WHATEVER IT TAKES – web gallery
Our Whatever It Takes skateboards were created in 2012 as part of a competition for a Cornish skateboard design.
The competition was driven and inspired by professional skateboarder Nick Jensen and his belief that art and skating are closely linked.
He painted a board for the exhibition himself and invited fellow professionals, illustrators and artists to create work, too. These included: Fos (Mark Foster) – Rob Mathieson – Oliver Dorman – Soy Panday – Vaughan Baker – Frances Costelloe. Here’s a gallery of a few of them…. (and for a snapshot of Nick’s own board, click here .) Nick’s board eventually went on display at the Royal Cornwall Museum. We ran a second competition in 2016, which was won by local artist Max Whetter. Click here to find out more.
Oliver Dorman took an ad of a professional skateboarder as the starting point for his oil painting.
He then adapted the faces of two kids in the foreground, one of which takes on the form Edward Munch’s famous portrait ‘The Scream’ and the other; Leonardo da Vinci’s ‘The Mona Lisa’.

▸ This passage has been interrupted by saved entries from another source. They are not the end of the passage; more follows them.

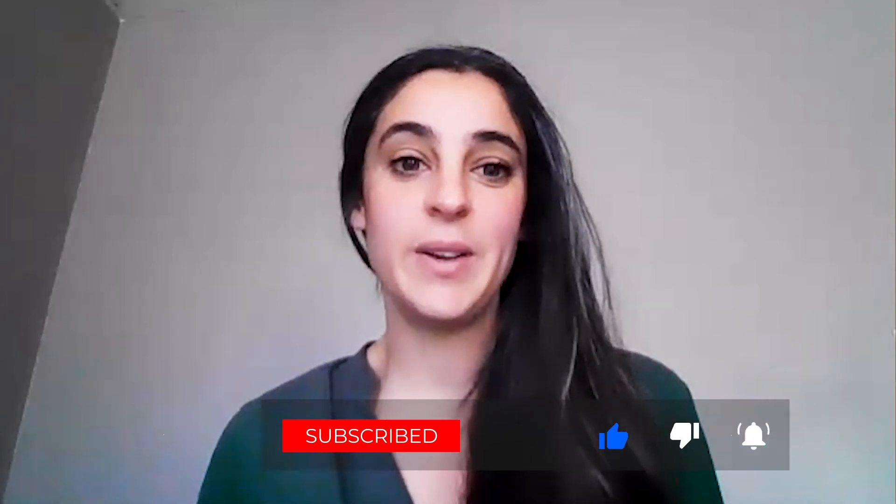Thank you, Secretary. This sounds like great news. Thank you so much for joining us. Be sure to subscribe to the department's YouTube channel and to check out the CRS redesign playlist for answers to many more of your questions.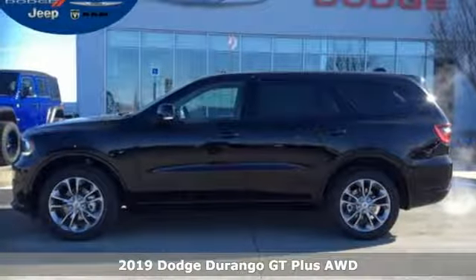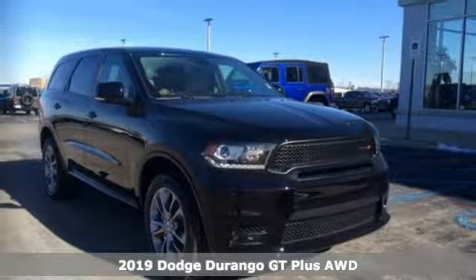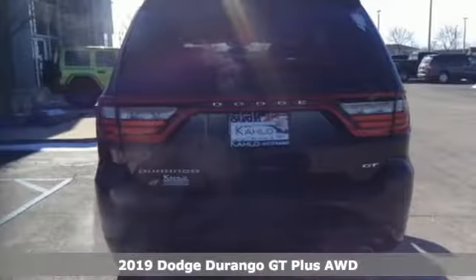Here's a new 2019 Dodge Durango. With incredible power, space and safety, adventure springs to life with the all-in Durango. You'll look forward to every drive with features like these.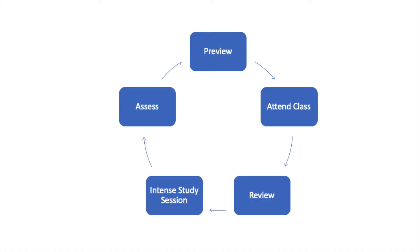Then, actually attend class. This part is vital to learning. Obtaining the notes from a classmate or an instructor is no replacement for attending class and hearing the material yourself. While in class, you should note the key points or ideas and ask questions if you have them. Don't try to write down everything that is said or presented on the PowerPoint slides.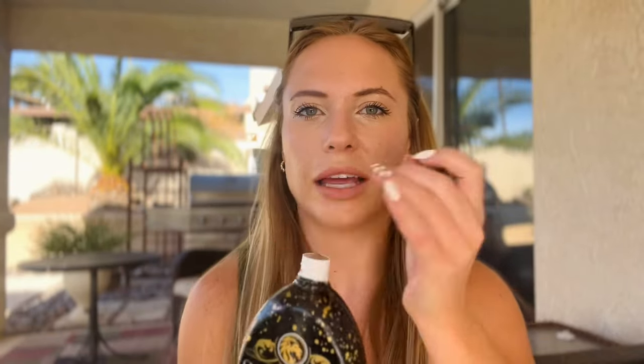It has a really dark bronzer in it and it's meant to be applied before indoor tanning or outdoor tanning. I love that it has the dark bronzer in it and it gives you that instant glow. It really accelerates your tan naturally — and just wait till you smell it. It smells so good, you guys.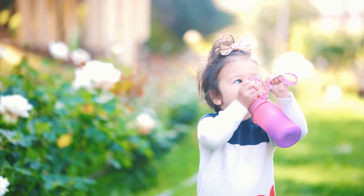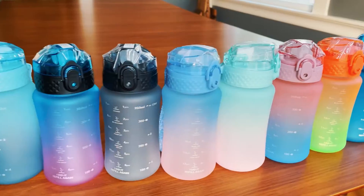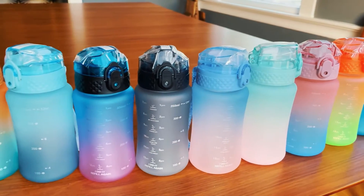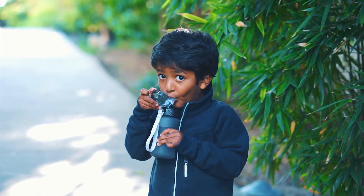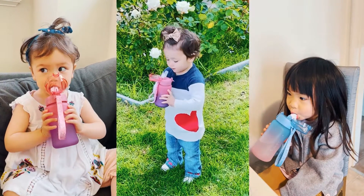Your kid is going to fall in love with the Oldly Colorful Kids water bottles. First of all, it comes in an array of amazing pastel colors. Secondly, this bottle is feather light and it's the perfect size for those little hands.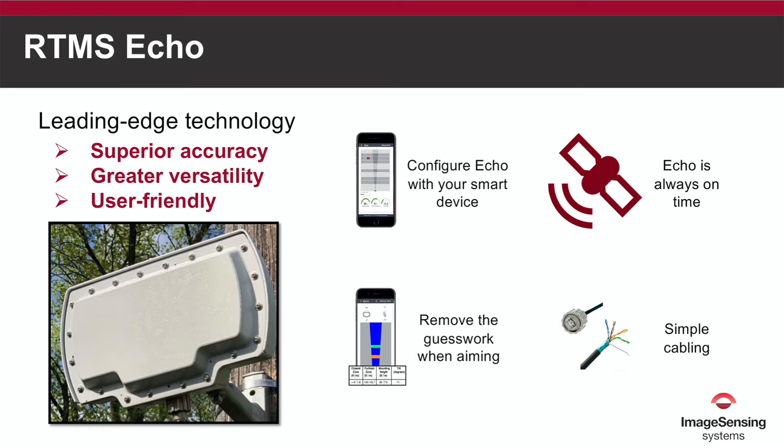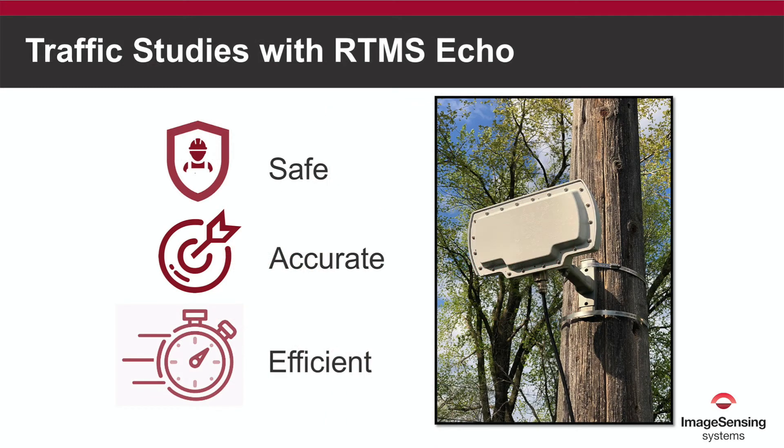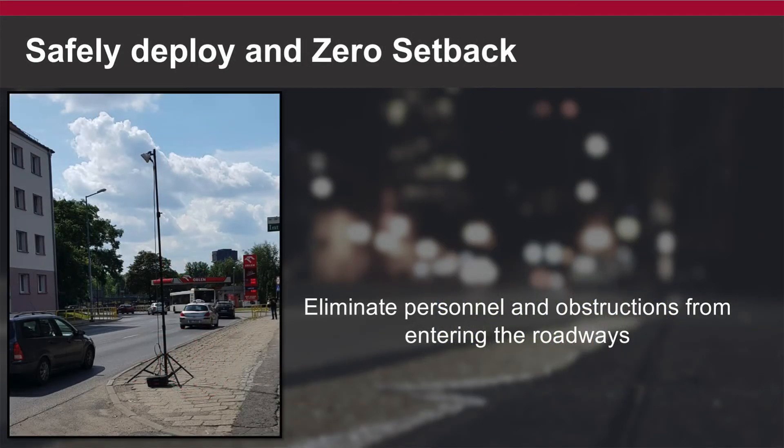Learn about the automatic smart setup configuration and the one-person installation. We discuss the continuous improvement cycle as it relates to traffic studies, and how ECHO is an effective alternative to accomplish these objectives. We also discuss how ECHO can be quickly deployed to collect data when setback is not an option, while keeping people safe.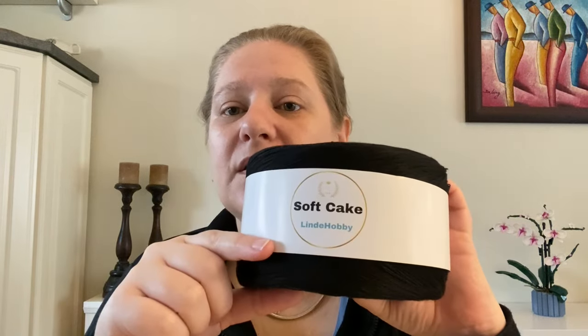The Linda Hobby Soft Cake yarn specs: composition is 50% cotton and 50% acrylic. They require knitting needles or crochet hooks of 2 to 3 millimeters. Each cake weighs 250 grams — that's 8.82 ounces — and you get 1,000 meters or 1,093 yards. Care instructions: lay flat to dry, can be ironed at low heat, wash at 30°C (85°F). Do not tumble dry and do not bleach. Colorway 1 is the Black Diamond. It is really soft — a nice soft composition, and it's a four-stranded yarn that you hold together to create your working yarn.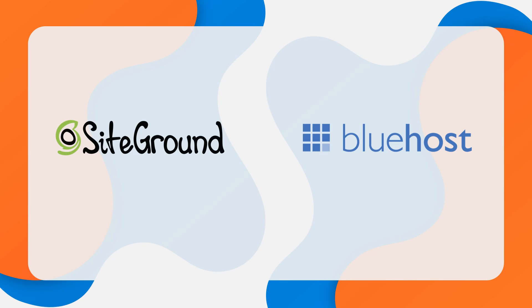Overall, SiteGround is the better web host of the two. They have better features, they're faster nine times out of ten, they have very strong security, and some of the best customer support of any web host. Bluehost also has great features, fast load times, decent security, and great customer support — but not quite as good as SiteGround. However, do not forget that Bluehost is the cheaper option, so these results should be expected.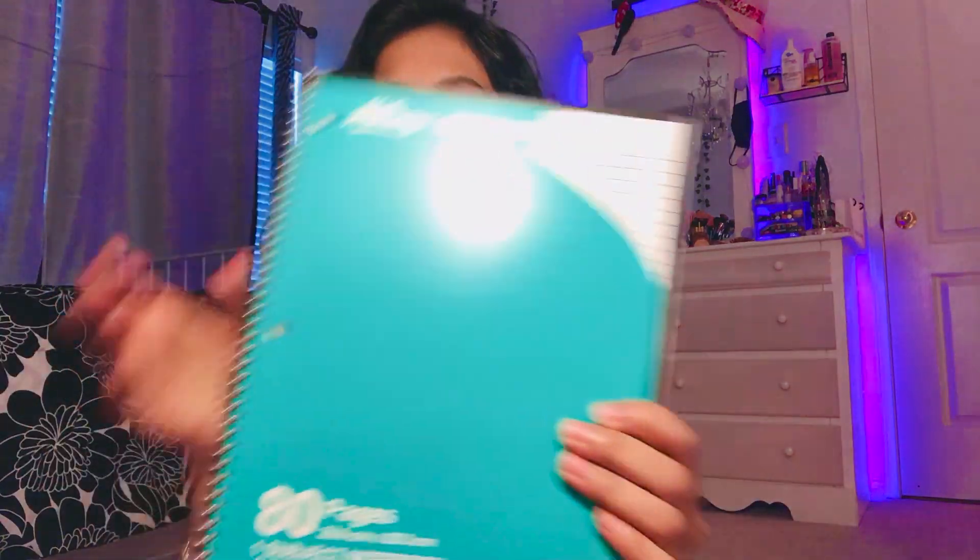The next thing I got is this notebook — it's just a basic notebook but I really like the flowers and stars design. I also got another notebook; this one is plain but it was only 10 cents! It only has 80 pages though. So that's everything I bought — I didn't get that many things.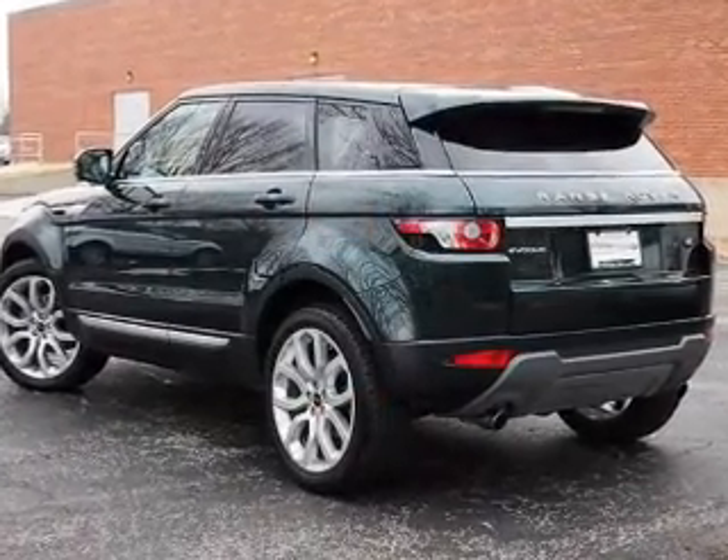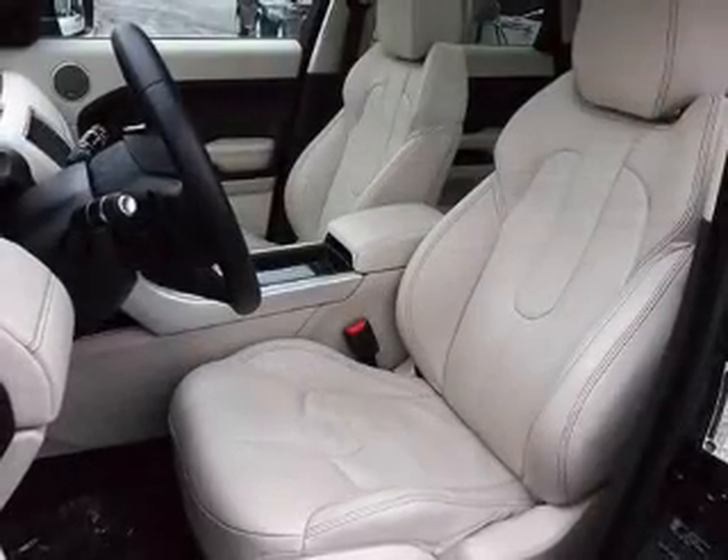Heated seats offer comfort in cold weather. Tailor the temperature to your preference and your passengers.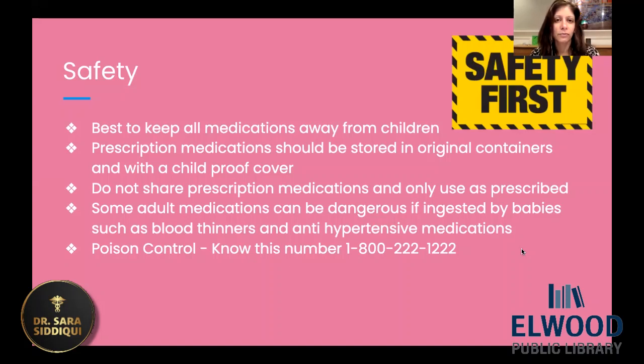First of all, safety. You really want to keep everything blocked away or on a higher shelf. You don't want small children to be able to have access to things like acetaminophen or ibuprofen. These are fever medications — you want to make sure they're stored in a place they can't reach, and locked. Also make sure that they are packaged in a childproof container. You don't want to share any prescription medications, and only use prescription medications as prescribed. Some adult medications can be very dangerous if ingested by smaller infants, specifically like blood thinner medications or blood pressure medications — even one pill in their mouth can be quite dangerous.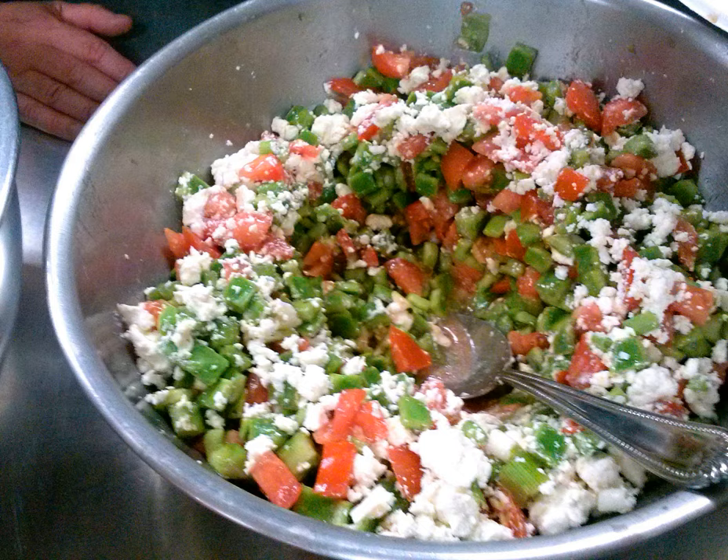Nopalitos is a dish made with diced nopales, the naturally flat stems, called pads, of prickly pear. They are sold fresh, bottled, or canned, and less often dried. They have a light, slightly tart flavor, and a crisp, mucilaginous texture.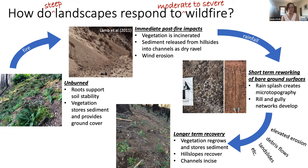And the channels incise through all the sediment that the hillslopes dumped into them. Finally, many years later, we'll return to our initial unburned state. This describes a basic cycle of wildfire impact and recovery. The details and timing of some of these processes are still unclear, but they're starting to matter more and more as wildfire frequency and severity increase with climate change.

Rob Mathieson sanded back into the skateboard to reveal its natural qualities, and this is a reflection on the traditional qualities in life that are important not to forget. For example, fishing: he has depicted a fisherman using his nets to catch crabs.
“I like the way the smoothness of the form and surfaces of her sculpture complement and play with the wild nature and beauty of the Cornish landscape. This is what I have tried to convey with my board.”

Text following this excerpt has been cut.